Premedicate with antihistamines, antipyretics, and glucocorticoids and infuse RYBREVANT as recommended. Administer RYBREVANT via a peripheral line on Week 1 and Week 2. Monitor patients for any signs and symptoms of infusion reactions during RYBREVANT infusion in a setting where cardiopulmonary resuscitation medication and equipment are available. Interrupt infusion if IRR is suspected. Reduce the infusion rate or permanently discontinue RYBREVANT based on severity.
Interstitial Lung Disease/Pneumonitis7
RYBREVANT can cause interstitial lung disease (ILD)/pneumonitis. Based on the safety population, ILD/pneumonitis occurred in 3.3% of patients treated with RYBREVANT, with 0.7% of patients experiencing Grade 3 ILD/pneumonitis. Three patients (1%) discontinued RYBREVANT due to ILD/pneumonitis.
Monitor patients for new or worsening symptoms indicative of ILD/pneumonitis (e.g., dyspnea, cough, fever). Immediately withhold RYBREVANT in patients with suspected ILD/pneumonitis and permanently discontinue if ILD/pneumonitis is confirmed.

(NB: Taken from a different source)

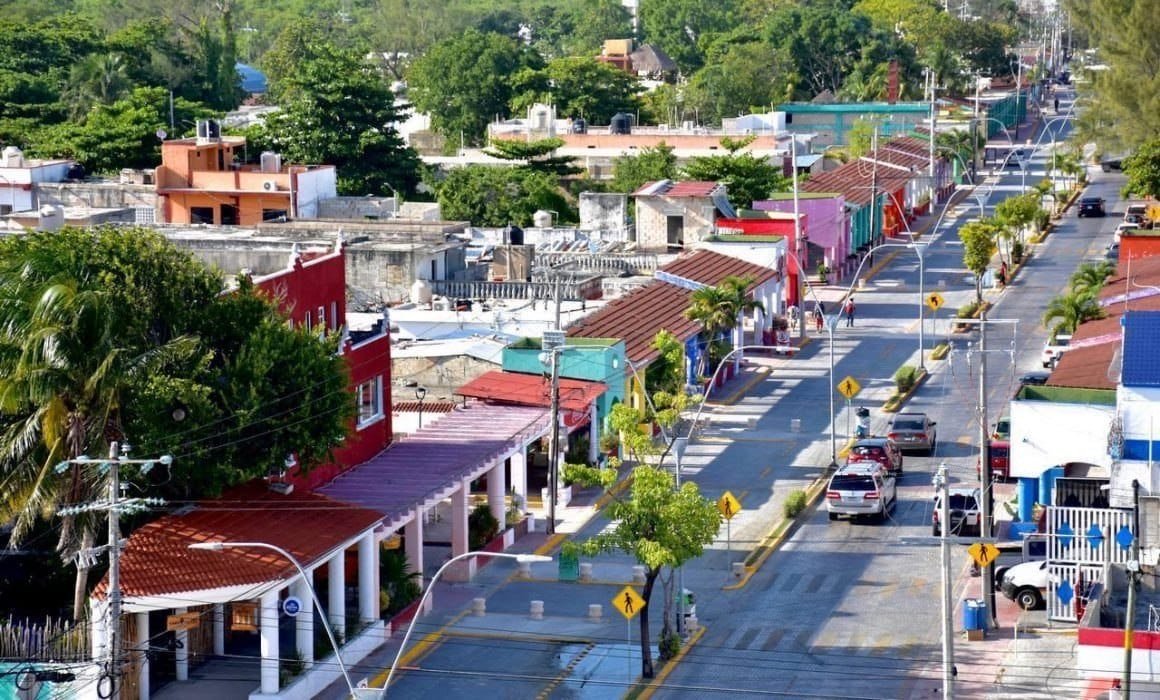 A vibrant streetscape in a coastal town featuring colorful buildings, palm trees, and a clear blue sky.$# CAPTION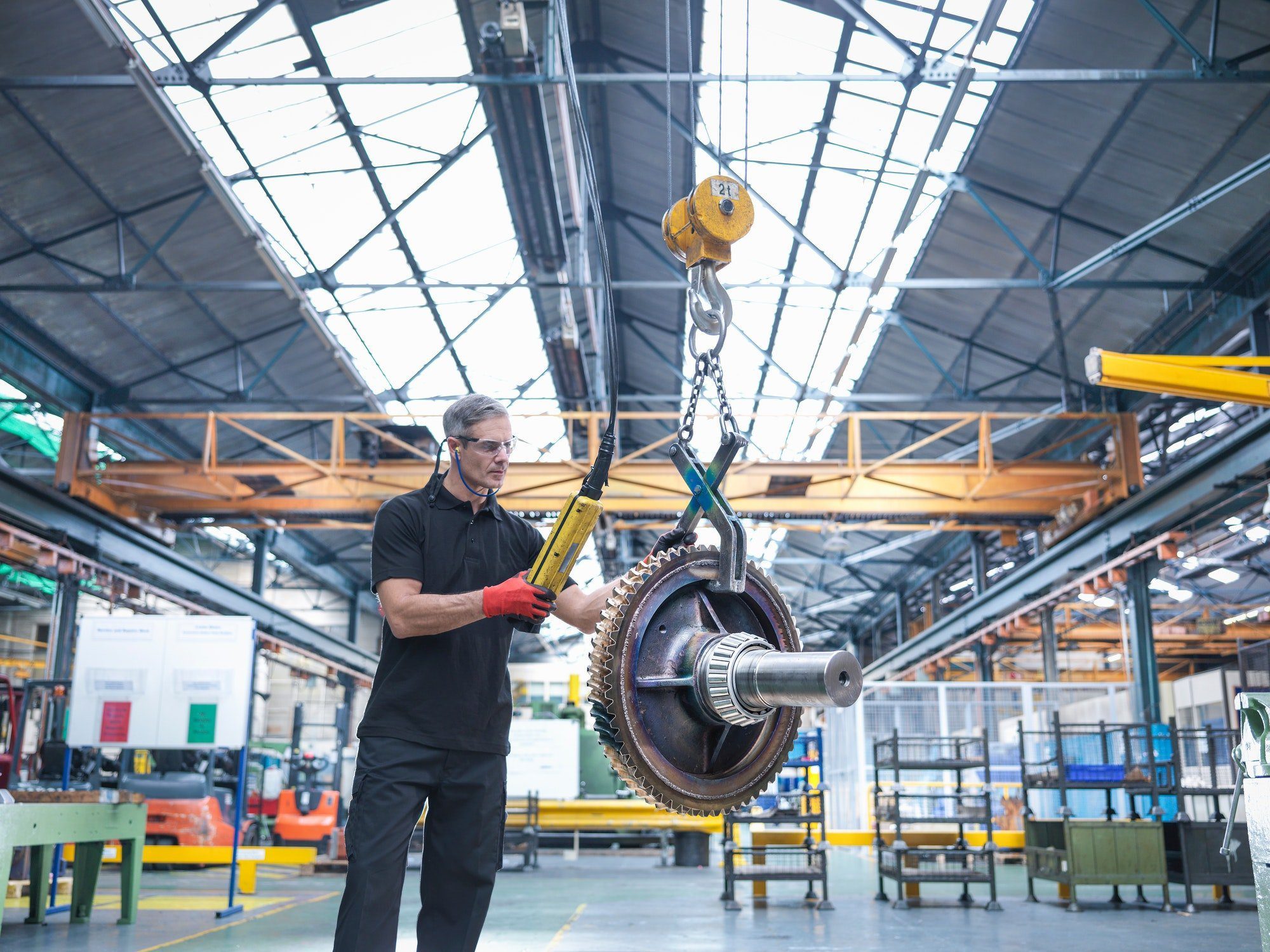 Engineer assembling industrial gearbox in engineering factory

Dermatologic Adverse Reactions7
RYBREVANT can cause rash (including dermatitis acneiform), pruritus and dry skin. Based on the safety population, rash occurred in 74% of patients treated with RYBREVANT, including Grade 3 rash in 3.3% of patients. The median time to onset of rash was 14 days (range: 1 to 276 days). Rash leading to dose reduction occurred in 5% of patients, and RYBREVANT was permanently discontinued due to rash in 0.7% of patients.

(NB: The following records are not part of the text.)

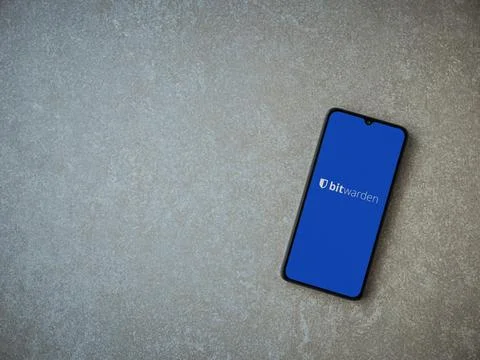 Bitwarden Password Manager app launch screen on smartphone on ceramic stone.. Stock Photos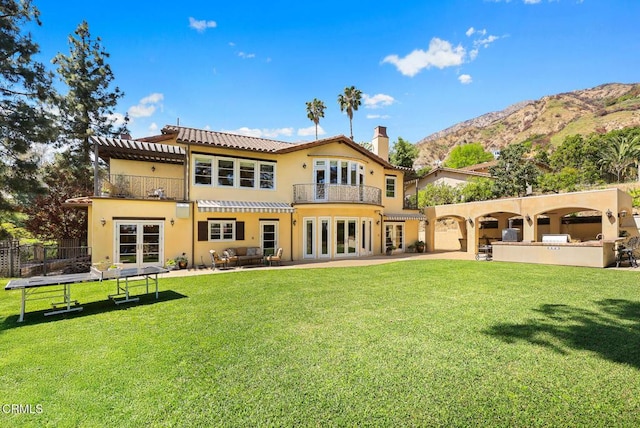 574 Camillo Rd, Sierra Madre, CA 91024 - back of property with french doors, a lawn, area for grilling, and a balcony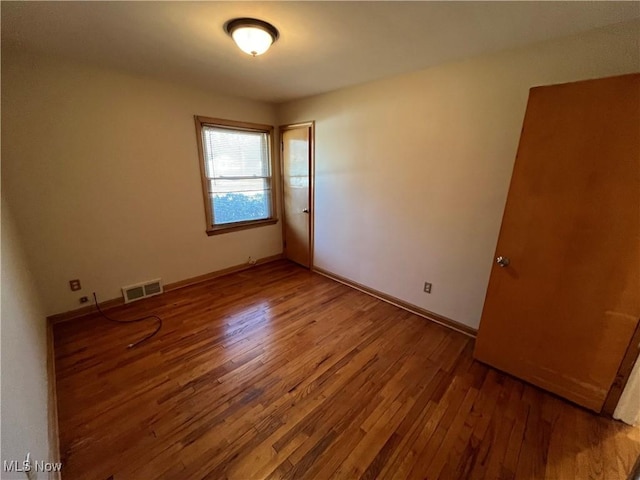 empty room featuring visible vents, baseboards, and hardwood / wood-style floors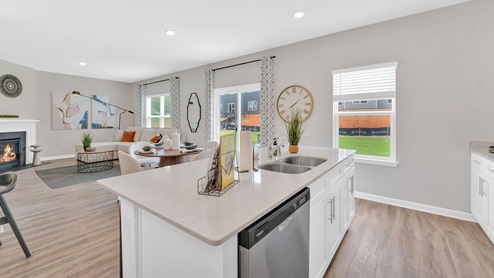 A modern kitchen featuring white cabinets and elegant hardwood floors, creating a bright and inviting atmosphere.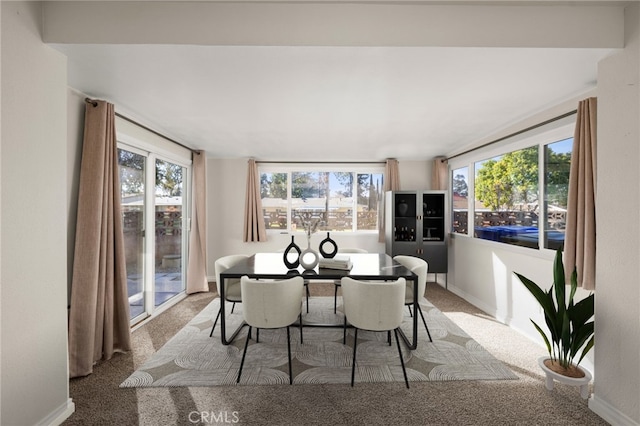 view of carpeted dining area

Toxic epidermal necrolysis occurred in one patient (0.3%) treated with RYBREVANT.
Instruct patients to limit sun exposure during and for 2 months after treatment with RYBREVANT. Advise patients to wear protective clothing and use broad spectrum UVA/UVB sunscreen. Alcohol free emollient cream is recommended for dry skin.

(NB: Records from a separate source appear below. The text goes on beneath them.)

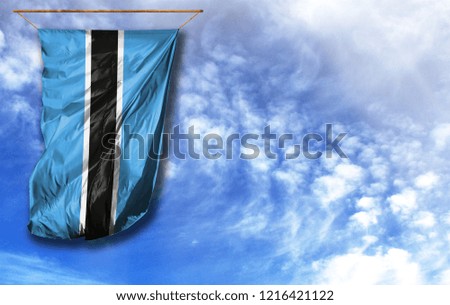 Flag of Botswana. Vertical flag, against blue sky with place for your text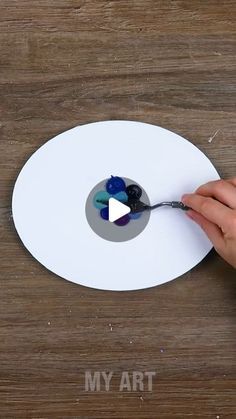 someone is using a spoon to paint a piece of art on a wooden surface with white paper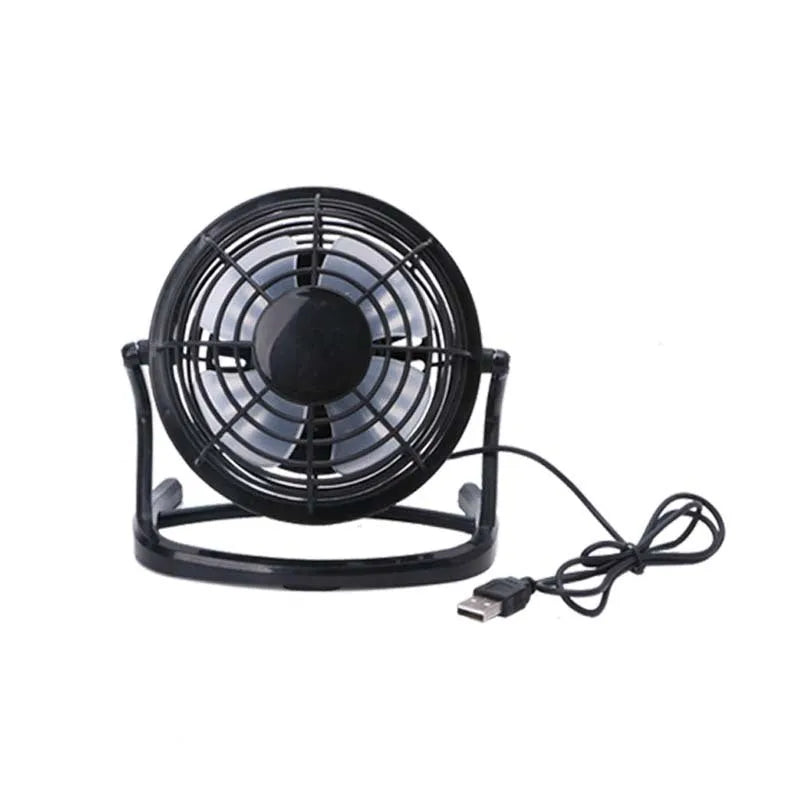 Small black and white USB desk fan with adjustable angle on a wooden table.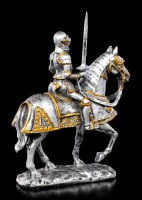 Kleine Ritter Figur mit erhobenem Schwert auf Pferd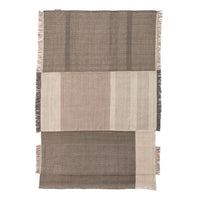 Textured fabric in shades of taupe, beige, and cream with horizontal and vertical block patterns and fringe detailing.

If skin reactions develop, start topical corticosteroids and topical and/or oral antibiotics. For Grade 3 reactions, add oral steroids and consider dermatologic consultation. Promptly refer patients presenting with severe rash, atypical appearance or distribution, or lack of improvement within 2 weeks to a dermatologist. Withhold, dose reduce or permanently discontinue RYBREVANT based on severity.
Ocular Toxicity7
RYBREVANT can cause ocular toxicity including keratitis, dry eye symptoms, conjunctival redness, blurred vision, visual impairment, ocular itching, and uveitis. Based on the safety population, keratitis occurred in 0.7% and uveitis occurred in 0.3% of patients treated with RYBREVANT. All events were Grade 1-2. Promptly refer patients presenting with eye symptoms to an ophthalmologist. Withhold, dose reduce or permanently discontinue RYBREVANT based on severity.
Embryo Fetal Toxicity7
Based on its mechanism of action and findings from animal models, RYBREVANT can cause fetal harm when administered to a pregnant woman. Advise females of reproductive potential of the potential risk to the fetus. Advise female patients of reproductive potential to use effective contraception during treatment and for 3 months after the final dose of RYBREVANT.
Adverse Reactions7
The most common adverse reactions (≥20%) were rash, IRR, paronychia, musculoskeletal pain, dyspnea, nausea, fatigue, edema, stomatitis, cough, constipation, and vomiting. The most common Grade 3 or 4 laboratory abnormalities (≥2%) were decreased lymphocytes, decreased albumin, decreased phosphate, decreased potassium, increased alkaline phosphatase, increased glucose, increased gamma-glutamyl transferase, and decreased sodium.